あなたと恋の始め方①
 少し緊張している私に気付いたのか、住田さんはニッコリと微笑んでくれて、その微笑みに少しだけ気持ちが緩む。


「あの。私、坂上さんに聞きたいことあって。中垣主任研究員って怖くないですか?いつも怒ってますよね。眉間にスッゴい縦皺が入ってますもの」


 そんな川田さんの言葉に納得する私がいた。中垣先輩はいつも仏頂面だし、愛想なんか言葉さえ知らないのではないかとさえ思う。でも、中垣先輩は怒っているのではなく考え事をしているだけ。長く一緒にいるから分かったことだけど、最初の頃は川田さんと同じようなことを思っていた。


「あれは考え事をしているだけですよ」


「え?本当ですか?」



「中垣先輩は大学の時から一緒に研究をしていますが、怖くはないです。

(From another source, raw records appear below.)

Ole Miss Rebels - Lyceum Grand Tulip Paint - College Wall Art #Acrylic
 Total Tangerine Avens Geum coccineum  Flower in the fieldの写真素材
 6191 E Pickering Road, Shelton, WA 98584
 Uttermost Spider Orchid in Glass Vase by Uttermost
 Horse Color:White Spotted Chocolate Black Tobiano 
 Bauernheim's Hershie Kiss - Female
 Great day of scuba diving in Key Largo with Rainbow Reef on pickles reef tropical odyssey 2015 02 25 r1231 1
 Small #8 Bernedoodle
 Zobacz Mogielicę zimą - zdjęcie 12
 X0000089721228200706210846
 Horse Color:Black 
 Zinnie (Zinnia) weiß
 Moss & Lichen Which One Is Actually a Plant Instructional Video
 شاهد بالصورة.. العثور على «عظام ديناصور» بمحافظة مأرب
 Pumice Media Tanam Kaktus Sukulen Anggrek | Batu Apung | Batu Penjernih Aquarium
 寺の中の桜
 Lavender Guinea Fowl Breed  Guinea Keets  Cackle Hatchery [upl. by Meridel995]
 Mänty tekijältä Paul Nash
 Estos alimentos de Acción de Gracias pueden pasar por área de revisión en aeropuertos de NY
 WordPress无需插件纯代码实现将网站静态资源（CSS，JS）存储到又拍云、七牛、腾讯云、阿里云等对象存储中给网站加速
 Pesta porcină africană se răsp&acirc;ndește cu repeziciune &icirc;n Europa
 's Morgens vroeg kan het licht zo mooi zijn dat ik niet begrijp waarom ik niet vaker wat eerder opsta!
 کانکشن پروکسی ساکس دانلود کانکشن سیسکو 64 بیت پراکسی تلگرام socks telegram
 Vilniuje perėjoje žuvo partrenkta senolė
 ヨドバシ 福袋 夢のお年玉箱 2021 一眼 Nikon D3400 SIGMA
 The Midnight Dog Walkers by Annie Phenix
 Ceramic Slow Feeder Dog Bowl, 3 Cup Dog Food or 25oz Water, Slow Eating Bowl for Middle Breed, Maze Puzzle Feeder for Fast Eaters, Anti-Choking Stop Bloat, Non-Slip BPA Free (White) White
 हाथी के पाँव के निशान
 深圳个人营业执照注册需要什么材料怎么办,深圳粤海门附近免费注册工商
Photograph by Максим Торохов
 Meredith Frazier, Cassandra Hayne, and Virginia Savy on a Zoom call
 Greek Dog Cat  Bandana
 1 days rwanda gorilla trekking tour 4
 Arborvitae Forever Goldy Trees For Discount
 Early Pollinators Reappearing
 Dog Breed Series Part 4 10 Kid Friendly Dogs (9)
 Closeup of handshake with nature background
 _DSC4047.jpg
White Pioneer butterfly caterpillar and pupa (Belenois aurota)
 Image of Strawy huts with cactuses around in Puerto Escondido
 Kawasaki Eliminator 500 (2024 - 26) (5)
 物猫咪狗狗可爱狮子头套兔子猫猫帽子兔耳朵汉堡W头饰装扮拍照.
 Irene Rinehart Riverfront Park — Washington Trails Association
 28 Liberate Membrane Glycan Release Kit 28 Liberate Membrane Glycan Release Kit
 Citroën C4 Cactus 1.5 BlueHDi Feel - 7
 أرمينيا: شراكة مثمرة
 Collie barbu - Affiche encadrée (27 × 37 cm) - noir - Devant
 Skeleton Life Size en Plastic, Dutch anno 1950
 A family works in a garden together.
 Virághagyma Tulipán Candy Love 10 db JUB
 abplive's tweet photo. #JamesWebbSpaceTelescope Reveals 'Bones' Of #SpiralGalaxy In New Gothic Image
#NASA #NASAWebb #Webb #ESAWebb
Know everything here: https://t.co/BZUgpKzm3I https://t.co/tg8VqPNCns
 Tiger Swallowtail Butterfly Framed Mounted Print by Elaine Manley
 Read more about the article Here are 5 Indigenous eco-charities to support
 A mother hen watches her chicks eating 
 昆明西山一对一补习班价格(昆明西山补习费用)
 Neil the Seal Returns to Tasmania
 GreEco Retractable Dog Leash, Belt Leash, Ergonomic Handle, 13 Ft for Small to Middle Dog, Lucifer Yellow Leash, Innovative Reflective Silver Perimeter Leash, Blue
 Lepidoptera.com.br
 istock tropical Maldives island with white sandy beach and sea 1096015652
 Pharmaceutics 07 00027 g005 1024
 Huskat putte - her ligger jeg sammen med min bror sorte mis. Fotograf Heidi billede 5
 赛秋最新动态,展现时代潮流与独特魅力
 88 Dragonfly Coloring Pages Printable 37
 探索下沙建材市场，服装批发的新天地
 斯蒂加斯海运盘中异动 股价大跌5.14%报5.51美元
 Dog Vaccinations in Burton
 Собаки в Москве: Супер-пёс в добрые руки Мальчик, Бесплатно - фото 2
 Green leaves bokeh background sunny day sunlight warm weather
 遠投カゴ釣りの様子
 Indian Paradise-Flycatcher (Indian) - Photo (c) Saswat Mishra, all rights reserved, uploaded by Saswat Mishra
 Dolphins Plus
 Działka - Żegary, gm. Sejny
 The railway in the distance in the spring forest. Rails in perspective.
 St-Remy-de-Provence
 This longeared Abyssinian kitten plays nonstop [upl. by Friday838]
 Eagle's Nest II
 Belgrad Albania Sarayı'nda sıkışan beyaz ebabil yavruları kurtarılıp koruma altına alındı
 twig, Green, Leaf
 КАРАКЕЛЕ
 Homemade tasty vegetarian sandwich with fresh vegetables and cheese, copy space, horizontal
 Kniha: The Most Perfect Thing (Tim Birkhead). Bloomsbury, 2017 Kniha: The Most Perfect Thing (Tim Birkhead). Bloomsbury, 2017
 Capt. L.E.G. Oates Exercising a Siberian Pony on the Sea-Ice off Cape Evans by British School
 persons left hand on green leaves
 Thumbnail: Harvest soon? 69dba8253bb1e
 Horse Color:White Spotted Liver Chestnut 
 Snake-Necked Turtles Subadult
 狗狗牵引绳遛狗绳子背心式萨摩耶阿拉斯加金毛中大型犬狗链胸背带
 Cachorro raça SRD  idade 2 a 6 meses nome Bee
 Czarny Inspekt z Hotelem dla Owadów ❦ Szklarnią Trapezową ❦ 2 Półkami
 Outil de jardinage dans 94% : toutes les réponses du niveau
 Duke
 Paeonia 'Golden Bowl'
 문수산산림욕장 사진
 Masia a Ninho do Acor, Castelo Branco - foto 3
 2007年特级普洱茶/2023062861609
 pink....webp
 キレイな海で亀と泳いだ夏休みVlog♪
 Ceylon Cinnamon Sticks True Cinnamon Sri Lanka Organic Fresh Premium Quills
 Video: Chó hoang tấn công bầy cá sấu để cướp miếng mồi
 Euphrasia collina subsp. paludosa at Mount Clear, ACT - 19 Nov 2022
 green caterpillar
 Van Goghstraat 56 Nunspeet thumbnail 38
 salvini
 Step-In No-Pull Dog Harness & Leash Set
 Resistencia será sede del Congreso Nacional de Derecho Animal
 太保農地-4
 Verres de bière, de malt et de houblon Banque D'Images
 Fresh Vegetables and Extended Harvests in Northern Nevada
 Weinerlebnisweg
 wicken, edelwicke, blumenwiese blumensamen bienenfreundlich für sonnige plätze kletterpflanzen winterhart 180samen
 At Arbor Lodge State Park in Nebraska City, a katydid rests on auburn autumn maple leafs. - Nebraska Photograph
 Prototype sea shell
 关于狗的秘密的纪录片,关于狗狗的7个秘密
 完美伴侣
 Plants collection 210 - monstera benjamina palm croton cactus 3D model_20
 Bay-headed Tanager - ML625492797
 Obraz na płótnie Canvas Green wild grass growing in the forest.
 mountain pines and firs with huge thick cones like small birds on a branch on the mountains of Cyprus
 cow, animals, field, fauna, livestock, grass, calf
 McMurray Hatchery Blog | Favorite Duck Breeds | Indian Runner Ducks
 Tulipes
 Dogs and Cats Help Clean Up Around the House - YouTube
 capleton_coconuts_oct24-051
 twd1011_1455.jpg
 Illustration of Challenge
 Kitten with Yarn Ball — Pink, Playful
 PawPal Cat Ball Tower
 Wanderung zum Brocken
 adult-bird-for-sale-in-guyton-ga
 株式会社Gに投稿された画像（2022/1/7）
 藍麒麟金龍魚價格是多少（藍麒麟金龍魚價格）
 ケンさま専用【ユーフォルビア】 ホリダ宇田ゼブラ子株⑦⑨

気難しいところはありますが、結構優しいです」


「分からないものですね。でも、フランス支社の折戸さんは優しいのが一目瞭然ですよね。水曜日は高見主任と折戸さんのことで、坂上さんがめちゃめちゃ羨ましがられていたんですよ」


 折戸さんは見た目もだけど、中身も本当に優しい。一緒にいるといつも穏やかな気持ちに包まれる。


「あんな素敵な人の彼女って幸せでしょうね」


 川田さんはうっとりした口調で少し空を見つめ溜め息のような甘い息を漏らす。そんな川田さんに本当の意味での溜め息を零したのは住田さんだった。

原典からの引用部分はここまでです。